WCVB-TV Channel 5’s report noted that Republican Senator Richard Tisei wants Attorney General Martha Coakley to check Gov. Deval Patrick's e-mails to determine if there's any connection between the proposed change in policy and the Massachusetts Teachers Association's decision to endorse Patrick for re-election. To its credit, Fox25 did a thoughtful nearly-five-minute interview with Boston School Superintendent Carol Johnson that explored the topic in a balance way. It doesn’t seem to have been the norm.

For some, the move has been praised because moving to the national standards will make Massachusetts eligible for millions of federal “Race to the Top” dollars. For others, including Globe columnist Joan Venocchi, we are selling our kids to the highest bidder. It has all been very confusing.

What’s been nearly lost in all the rhetoric is a presentation of what specifically the federal and state standards are and what they’re designed to achieve. In other words, coverage of the issues has been all about the histrionics and little about the history, math, reading and science.

The MA Board of Education web site  asserts that “The Common Core Standards will continue to be assessed through the Massachusetts Comprehensive Assessment System (MCAS), ensuring that all Massachusetts students continue to achieve at the highest levels in the nation and preparing them to succeed in the global economy.” So does that mean that MCAS isn’t going away? As Ed Board Chair Maura Banta explained to me in a telephone interview, there will still be MCAS to measure the success of the standards. MCAS changes every year anyway and will now be the vehicle for assessing the Common Core standards, 90% of which are based upon Massachusetts standards anyway.

States are free to deviate from Common Core standards up for 15 percent, so our autonomy shouldn’t be an issue. Furthermore, Massachusetts educators have had input into the national standards for more than a year. Banta said the state will continue its involvement in an effort to see that what is unique to Massachusetts is incorporated into the federal standards.

Unfortunately, scouring the media has yielded only the most minimal explanations that the national math standards will include more on statistics, and the new English standards will lean more toward expository writing and informational text reading than fiction reading and creative writing. Banta said that reading literature won’t go away. She added that, in math, the idea is to lay the groundwork of math literacy before rote learning of multiplication tables, for example.

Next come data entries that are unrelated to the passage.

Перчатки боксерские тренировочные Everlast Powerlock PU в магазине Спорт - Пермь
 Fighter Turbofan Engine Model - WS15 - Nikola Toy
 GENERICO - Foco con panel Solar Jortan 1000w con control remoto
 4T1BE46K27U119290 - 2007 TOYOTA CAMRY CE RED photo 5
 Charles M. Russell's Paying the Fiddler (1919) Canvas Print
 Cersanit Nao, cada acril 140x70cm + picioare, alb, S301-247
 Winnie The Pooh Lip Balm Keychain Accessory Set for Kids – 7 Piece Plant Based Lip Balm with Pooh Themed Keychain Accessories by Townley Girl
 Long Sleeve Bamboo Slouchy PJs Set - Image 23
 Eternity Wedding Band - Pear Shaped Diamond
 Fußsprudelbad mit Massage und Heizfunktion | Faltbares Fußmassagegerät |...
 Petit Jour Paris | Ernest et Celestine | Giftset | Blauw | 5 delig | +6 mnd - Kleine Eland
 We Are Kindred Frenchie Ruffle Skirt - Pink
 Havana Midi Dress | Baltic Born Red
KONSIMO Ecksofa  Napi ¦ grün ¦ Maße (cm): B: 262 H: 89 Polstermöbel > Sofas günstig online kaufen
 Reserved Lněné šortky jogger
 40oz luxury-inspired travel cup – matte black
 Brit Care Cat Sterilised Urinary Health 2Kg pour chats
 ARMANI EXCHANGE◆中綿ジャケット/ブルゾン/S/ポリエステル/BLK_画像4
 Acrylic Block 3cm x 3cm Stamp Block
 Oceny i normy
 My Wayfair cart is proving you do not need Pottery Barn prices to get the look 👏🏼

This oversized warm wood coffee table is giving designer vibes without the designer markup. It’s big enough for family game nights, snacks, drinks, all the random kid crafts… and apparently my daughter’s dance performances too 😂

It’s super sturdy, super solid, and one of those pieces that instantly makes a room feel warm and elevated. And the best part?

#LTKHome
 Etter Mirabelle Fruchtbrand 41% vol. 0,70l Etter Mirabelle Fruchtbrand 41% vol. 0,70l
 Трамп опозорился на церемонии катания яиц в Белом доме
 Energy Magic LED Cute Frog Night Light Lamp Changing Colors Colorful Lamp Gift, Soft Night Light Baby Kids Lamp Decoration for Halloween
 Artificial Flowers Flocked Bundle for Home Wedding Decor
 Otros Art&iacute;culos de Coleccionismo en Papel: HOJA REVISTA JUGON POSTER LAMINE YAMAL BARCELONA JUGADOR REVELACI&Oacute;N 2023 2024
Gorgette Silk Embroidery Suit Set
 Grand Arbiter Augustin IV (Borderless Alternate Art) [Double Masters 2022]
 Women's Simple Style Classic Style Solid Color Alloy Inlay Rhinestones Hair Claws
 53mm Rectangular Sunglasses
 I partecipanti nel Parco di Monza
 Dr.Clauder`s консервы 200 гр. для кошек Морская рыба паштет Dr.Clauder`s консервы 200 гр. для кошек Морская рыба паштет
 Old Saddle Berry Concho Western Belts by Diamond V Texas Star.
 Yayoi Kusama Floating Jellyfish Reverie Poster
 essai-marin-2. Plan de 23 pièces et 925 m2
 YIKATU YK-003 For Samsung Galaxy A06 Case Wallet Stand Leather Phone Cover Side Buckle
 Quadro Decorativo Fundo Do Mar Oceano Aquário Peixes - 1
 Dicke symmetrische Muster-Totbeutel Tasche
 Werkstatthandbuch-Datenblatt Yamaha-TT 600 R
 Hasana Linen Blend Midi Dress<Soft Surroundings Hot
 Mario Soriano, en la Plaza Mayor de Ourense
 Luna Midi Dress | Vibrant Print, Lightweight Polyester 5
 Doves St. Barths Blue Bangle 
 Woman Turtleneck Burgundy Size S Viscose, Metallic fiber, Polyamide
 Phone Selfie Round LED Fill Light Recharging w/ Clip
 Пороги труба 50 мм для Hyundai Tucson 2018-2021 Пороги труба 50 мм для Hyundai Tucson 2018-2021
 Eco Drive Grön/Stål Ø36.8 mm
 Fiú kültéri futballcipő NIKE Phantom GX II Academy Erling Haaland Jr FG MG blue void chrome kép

Support for the change from the Mass. Business Alliance for Education, the group that pushed for the original ed reform act, under the leadership of the late Jack Rennie, is somewhat reassuring, as is the support from other business groups that most need a highly educated workforce. So too is Banta’s insistence that, “No way would we sell our own standards short. The Core Standards are at least as good and, in some places, superior to what we have now.” And, she adds, “If you don’t look at what you’re doing and ask how to make it better, you risk becoming irrelevant.”

The school districts will have two years to align their curricula to the new standards. But wouldn’t it be nice if the media and politicians had provided the public less bloviation and more specifics that answer the questions: What do our kids need to know, and what are they being taught?

- Please let me know your thoughts in the comments section below.

3 comments:

  1. I'm surprised, Marjorie, that you believe the battle over standards is simply about educational policy. It's about so much more, and so much more fun!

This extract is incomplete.